*Given data*

[Start of section]

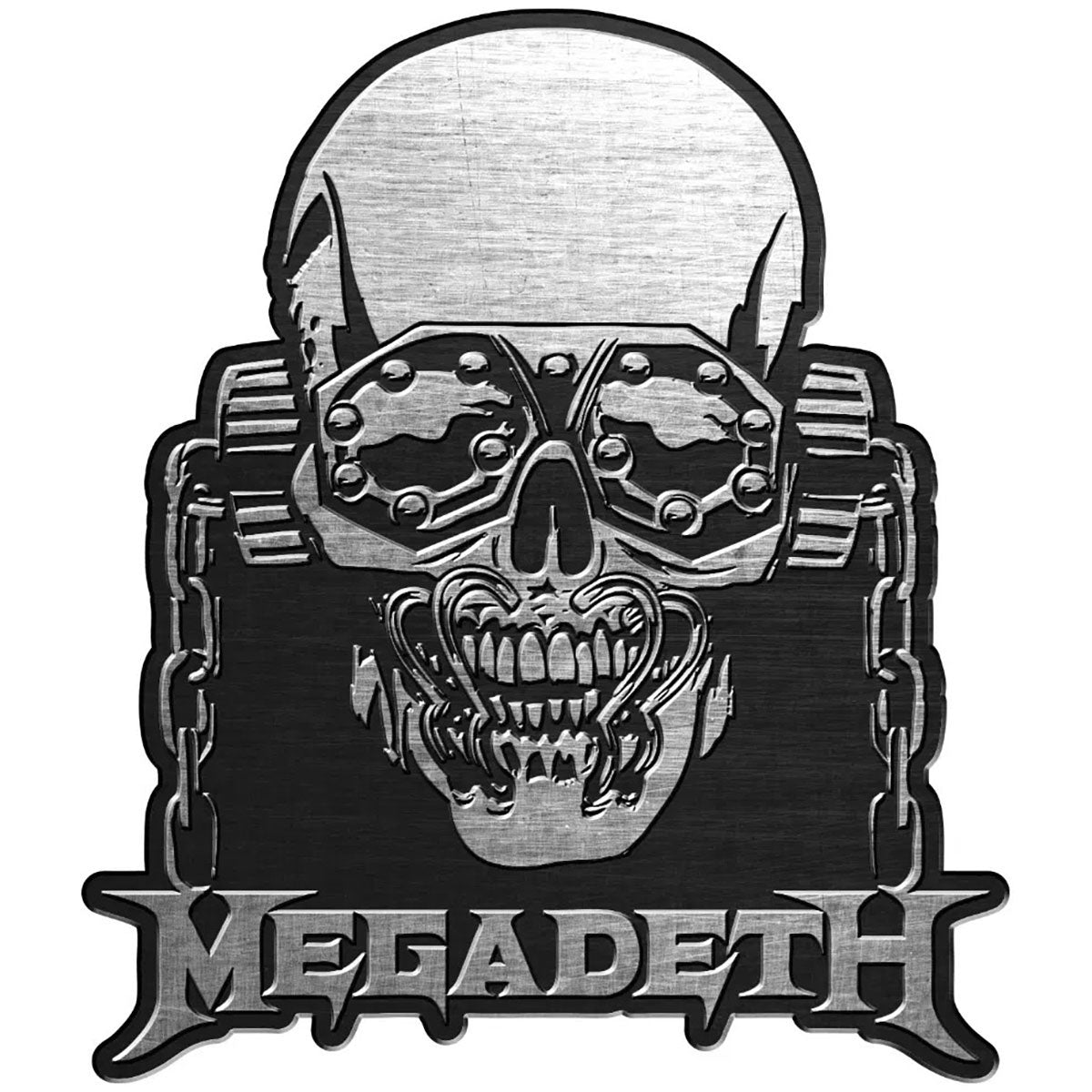 Megadeth Vic Rattlehead Pewter Pin Badge Front
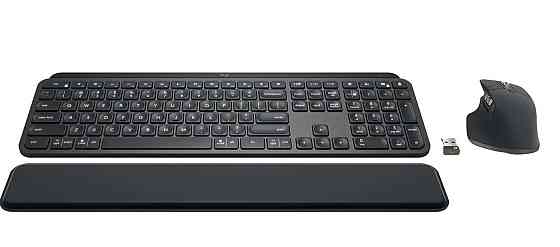 Комплект бездротовий (клавіатура, миша) Logitech MX Keys Combo for Business Graphite US (920-010933) Чорний Харьков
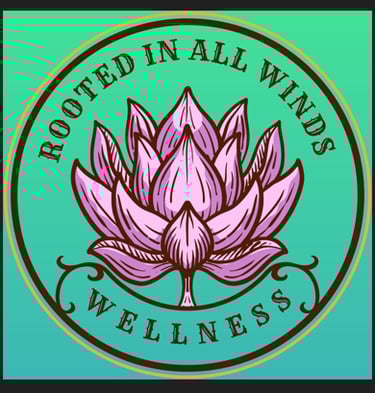 Rooted in All Winds Wellness logo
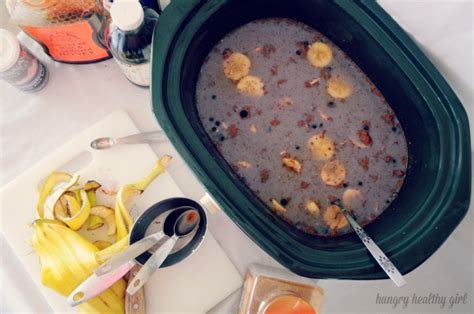 banana-blueberry-steel-cut-oatmeal-in-the-slow-cooker image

[End of section]

Reproduce everything above exactly, images excluded.

*Answer area*
 Megadeth Vic Rattlehead Pewter Pin Badge Front
 Комплект бездротовий (клавіатура, миша) Logitech MX Keys Combo for Business Graphite US (920-010933) Чорний Харьков
 Rooted in All Winds Wellness logo
 banana-blueberry-steel-cut-oatmeal-in-the-slow-cooker image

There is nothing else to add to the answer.